Supplied information Start Marker

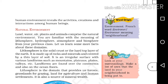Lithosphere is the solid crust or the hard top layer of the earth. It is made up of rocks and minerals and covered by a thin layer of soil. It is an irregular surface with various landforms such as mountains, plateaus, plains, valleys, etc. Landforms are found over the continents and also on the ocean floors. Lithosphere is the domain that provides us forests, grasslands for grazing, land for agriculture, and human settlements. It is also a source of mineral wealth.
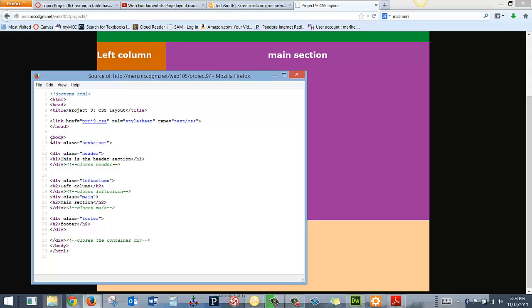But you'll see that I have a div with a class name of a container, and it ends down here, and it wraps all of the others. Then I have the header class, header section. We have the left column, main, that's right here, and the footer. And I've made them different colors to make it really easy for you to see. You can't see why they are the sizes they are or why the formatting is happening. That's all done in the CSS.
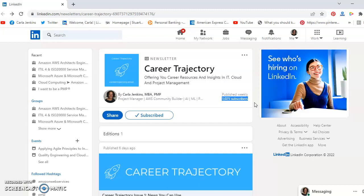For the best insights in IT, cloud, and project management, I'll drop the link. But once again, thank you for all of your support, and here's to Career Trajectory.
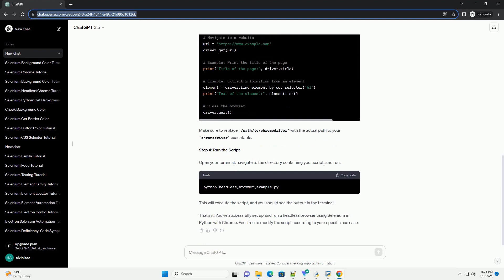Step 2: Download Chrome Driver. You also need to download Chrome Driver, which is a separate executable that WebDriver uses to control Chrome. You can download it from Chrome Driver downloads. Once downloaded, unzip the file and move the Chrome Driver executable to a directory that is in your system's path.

Supplied information End Marker

__Task item__: Starting with the line that contains "But you'll see" and ending with the last line of the data above, transcribe exactly those lines and no others, without pictures.

__Result__:
But you'll see that I have a div with a class name of a container, and it ends down here, and it wraps all of the others. Then I have the header class, header section. We have the left column, main, that's right here, and the footer. And I've made them different colors to make it really easy for you to see. You can't see why they are the sizes they are or why the formatting is happening. That's all done in the CSS.
For the best insights in IT, cloud, and project management, I'll drop the link. But once again, thank you for all of your support, and here's to Career Trajectory.
Step 2: Download Chrome Driver. You also need to download Chrome Driver, which is a separate executable that WebDriver uses to control Chrome. You can download it from Chrome Driver downloads. Once downloaded, unzip the file and move the Chrome Driver executable to a directory that is in your system's path.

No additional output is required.